Oil continues to recover, with Trump hinting to get involved in the price war between Saudi Arabia and Russia
Economy News _ Baghdad
Oil prices continued to recover on Friday, following significant gains made in the previous session after US President Donald Trump hinted that he might intervene in the price war between Russia and Saudi Arabia at "an appropriate time".
Prices also received support from the United States' plans to buy up to 30 million barrels of crude oil for emergency stocks by the end of June, while reports said regulators in the nation's largest oil producing state, Texas, had curbed production.
The futures contracts for West Texas Intermediate, the most active American brokerage for delivery in May, rose 43 cents, or 1.7 percent, to $ 26.34 a barrel by 0540 GMT. The contract increased by 5.5 percent to $ 27.34 a barrel earlier in the session.
US crude futures for April delivery in April rose 43 cents to $ 25.65 a barrel. The contract for the closest benefit for April, which increased 24 percent on Thursday, expires later on Friday.
"The sudden recovery of crude oil prices last night was mainly driven by a study by the United States of intervention in the oil market by increasing strategic reserves, while some oil production contracted," said Margaret Young, market analyst at CMC Markets.
"The main issue is that global energy demand is falling sharply as more countries join the 'closure' club," she added. The risk that Covid-19 poses to the overall economy may exceed anyone's expectations, and may continue for a long period of time. ”
Brent futures rose 28 cents, or about one percent, to $ 28.75 a barrel.

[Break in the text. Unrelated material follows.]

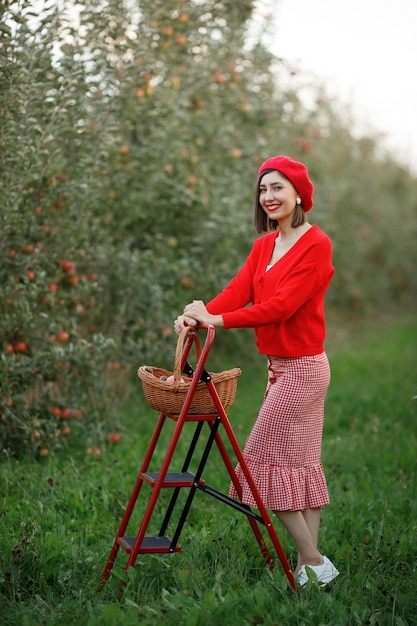 Une fille dans un chandail à jupe rouge et un chapeau se promène dans un verger de pommiers et cherche de bonnes pommes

Global benchmark crude increased 14.4 percent on Thursday, its biggest one-day gain since September, but was heading towards its fourth weekly decline on Friday.
US crude and Brent crude prices have tumbled nearly 40 percent in the past two weeks since talks between the Organization of Petroleum Exporting Countries (OPEC) and its allies, including Russia, collapsed, resulting in Saudi Arabia boosting production.
The Wall Street Journal quoted unnamed sources as saying that the Trump administration was considering a diplomatic push to urge Saudi Arabia to cut supplies and use a threat of sanctions against Russia to force it to cut production.